>>>
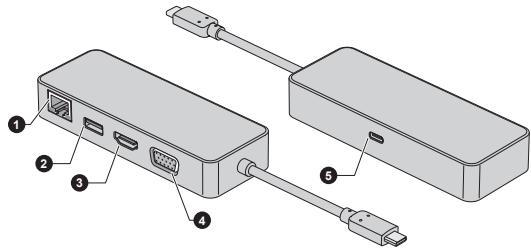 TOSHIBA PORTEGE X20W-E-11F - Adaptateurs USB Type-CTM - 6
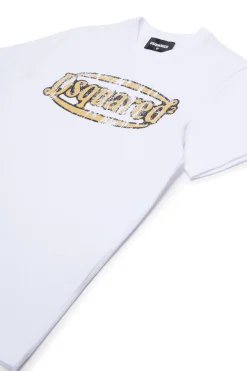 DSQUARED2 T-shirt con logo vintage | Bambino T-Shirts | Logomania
<<<
>>>
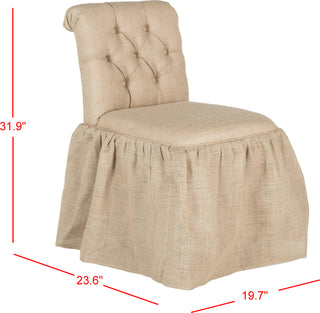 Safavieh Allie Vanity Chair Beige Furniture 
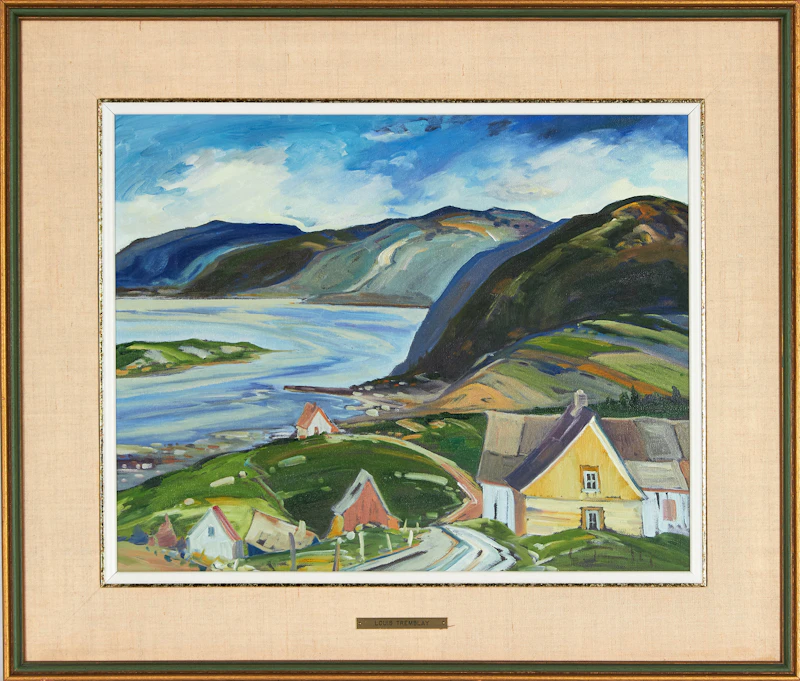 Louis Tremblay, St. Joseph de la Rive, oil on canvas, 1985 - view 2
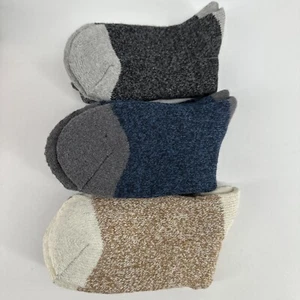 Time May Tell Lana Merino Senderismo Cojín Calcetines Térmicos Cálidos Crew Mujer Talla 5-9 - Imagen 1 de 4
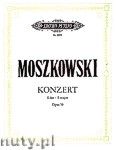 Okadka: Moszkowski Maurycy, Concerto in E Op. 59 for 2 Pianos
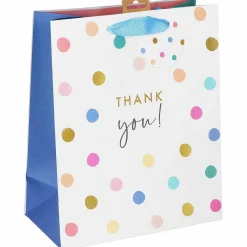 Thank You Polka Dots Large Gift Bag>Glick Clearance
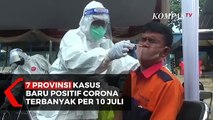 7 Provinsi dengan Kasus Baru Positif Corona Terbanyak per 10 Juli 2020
<<<
• What the exercise asks:
Using the entries above, repeat exactly the lines from the one with "Safavieh Allie Vanity Chair Beige Furniture" to the one with "7 Provinsi dengan", both included, and leave the pictures behind.

• Task response:
 Safavieh Allie Vanity Chair Beige Furniture 
 Louis Tremblay, St. Joseph de la Rive, oil on canvas, 1985 - view 2
 Time May Tell Lana Merino Senderismo Cojín Calcetines Térmicos Cálidos Crew Mujer Talla 5-9 - Imagen 1 de 4
 Okadka: Moszkowski Maurycy, Concerto in E Op. 59 for 2 Pianos
 Thank You Polka Dots Large Gift Bag>Glick Clearance
 7 Provinsi dengan Kasus Baru Positif Corona Terbanyak per 10 Juli 2020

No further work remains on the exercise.